For some things it will. But for some things—tools coded as ‘research support’ or ‘point of care reference tools’ or more generally, an information resource—it’s up to the library, just like we make the decisions about what journals we’re subscribed to. I gather that before I started, there used to be more in the way of meaningful consultation with people in other roles—but as our staffing has been axed, these sorts of outreach relationships have fallen to the wayside.
It would be great if that were a reasonable assumption. Every one I’ve evaluated so far has turned out to be some kind of ChatGPT with a medical-academic research bow on it. Some of them are restricted to a walled garden of trusted medical sources instead of having the internet.

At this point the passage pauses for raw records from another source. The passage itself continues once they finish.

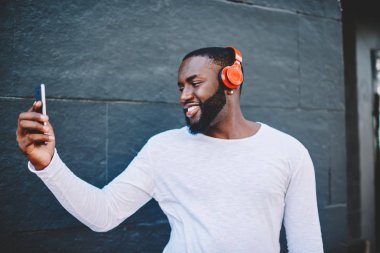 Erkek hipster koyu renkli selfie müzik dinleme sırasında yapma gülümseyen neşeli Afrikalı-Amerikalı adam modern araçlar smartphone kamerada fotoğraf çekimi ile açık havada vakit kulaklık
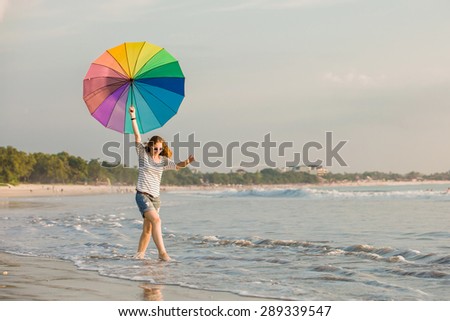 Cheerful caucasian young woman with rainbow umbrella having fun on the Jimbaran beach on Bali before sunset with beautiful ocean and blue sky on background. Travel, holidays, vacation, healthy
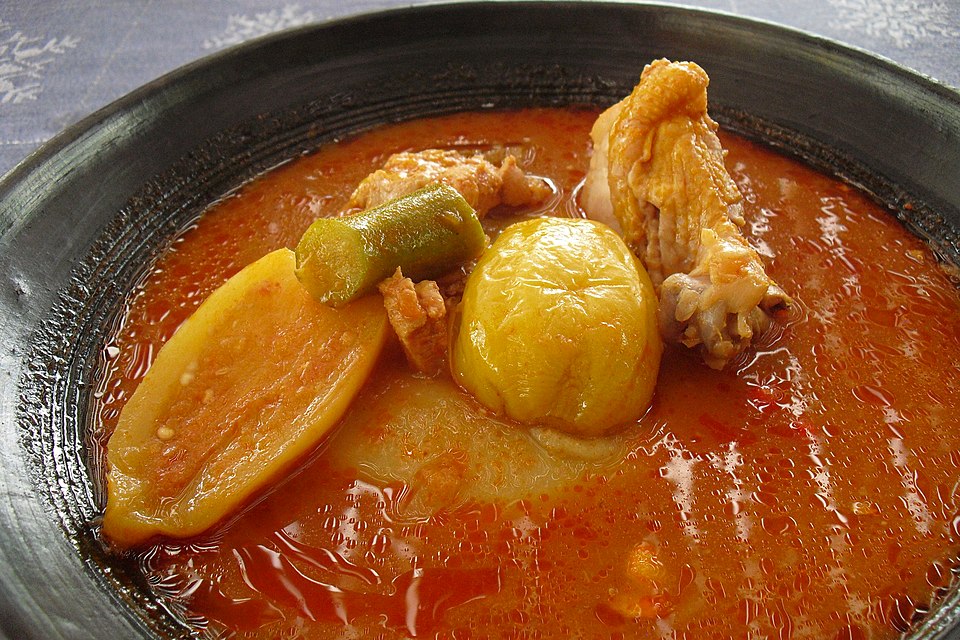 Angwamu (oil rice) - Traditional Ghana Dish | TripEnAI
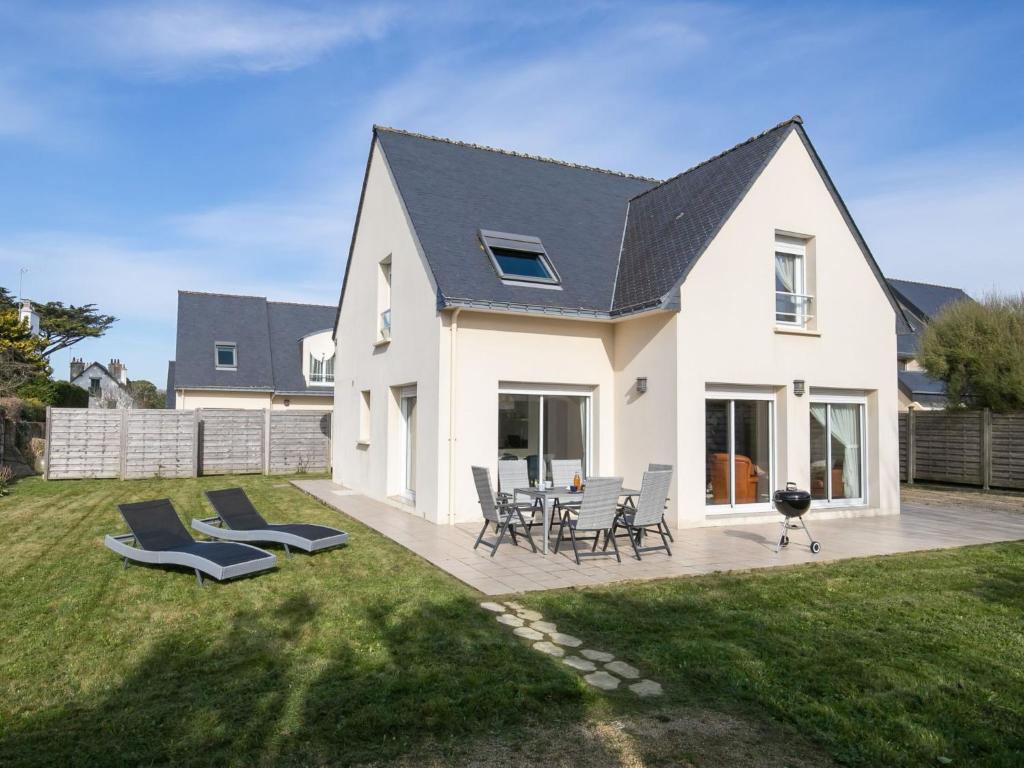 ein weißes Haus mit Stühlen und einer Terrasse in der Unterkunft Holiday Home Villa de la Paix by Interhome in Clohars-Carnoët
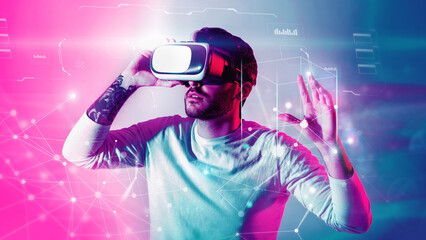 Young guy in virtual reality glasses, having fascinating virtual reality experience, double exposure creative image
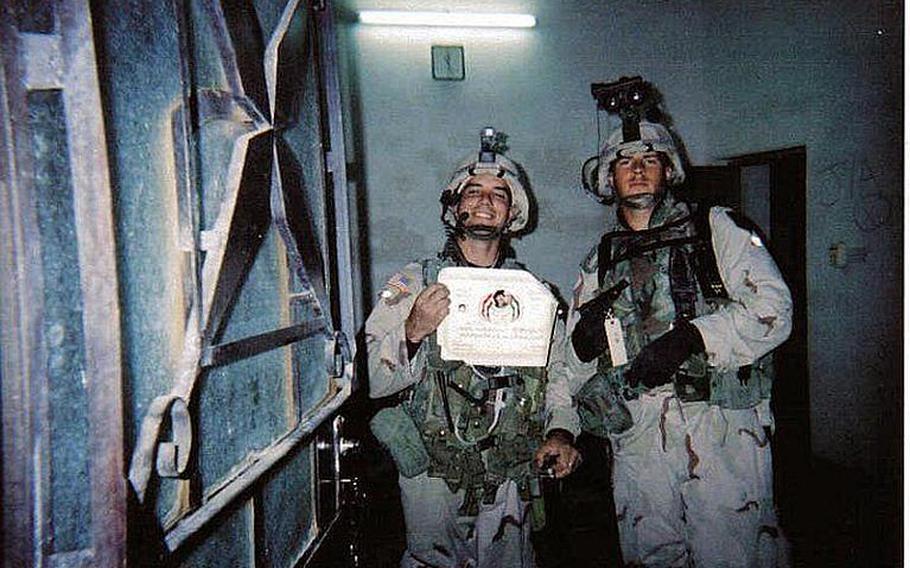 Jamey Raines, then an Army sergeant, and his fellow soldier, Shane Rawson, then a specialist, hold a certificate and pistol they seized after capturing a former general who had served in Saddam's army in 2004. Raines says using marijuana helped him to keep his post-traumatic stress disorder under control while he attended college on the GI Bill.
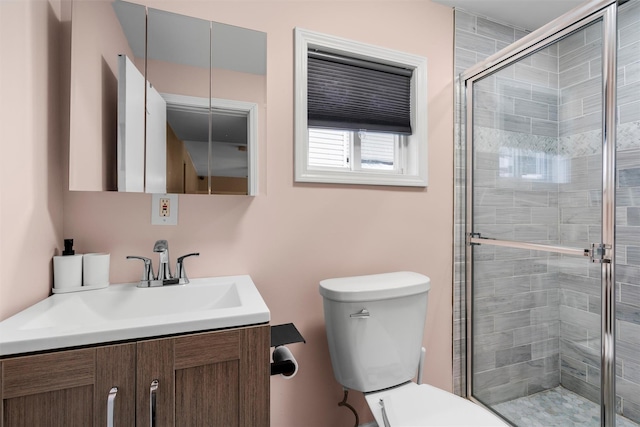 bathroom with walk in shower, vanity, and toilet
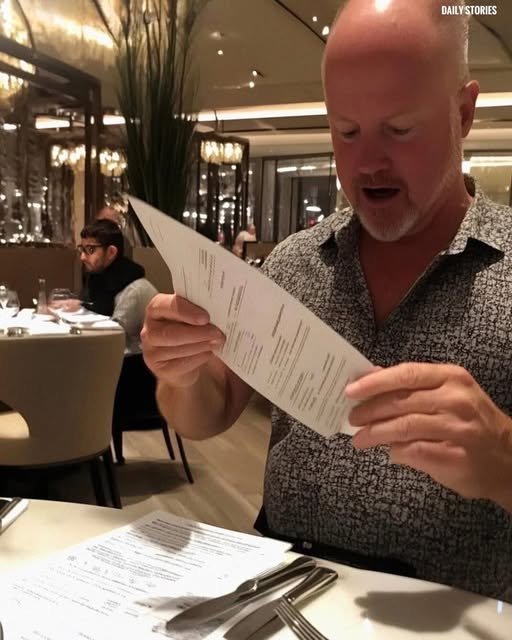 A young woman sits at a fancy restaurant table, her expression a mix of shock and hurt as her parents hand her the bill while the rest of the family looks on, oblivious.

Part of the message I think I oughta promote is that we should hold out for something specific. The issue is that when it comes to research, it really is up to people what they use—there’s no real oversight and there’s not regulations to stop them like if they were actually provably putting patient info in there. But they’re still going to be bringing what they “learn” into practice, as well as polluting the commons (since we know at this point that peer review doesn’t do much and it’s mostly peoples’ academic integrity keeping it all from falling apart).
Part of what these companies with their GPTs are trying to sell themselves as being able to replace is the exact sort of checks and balances that stops the whole medical research commons being nothing but bullshit—critical appraisal and evidence synthesis.
thats about what i thought yeah
Thank you for the phrases, they seem useful.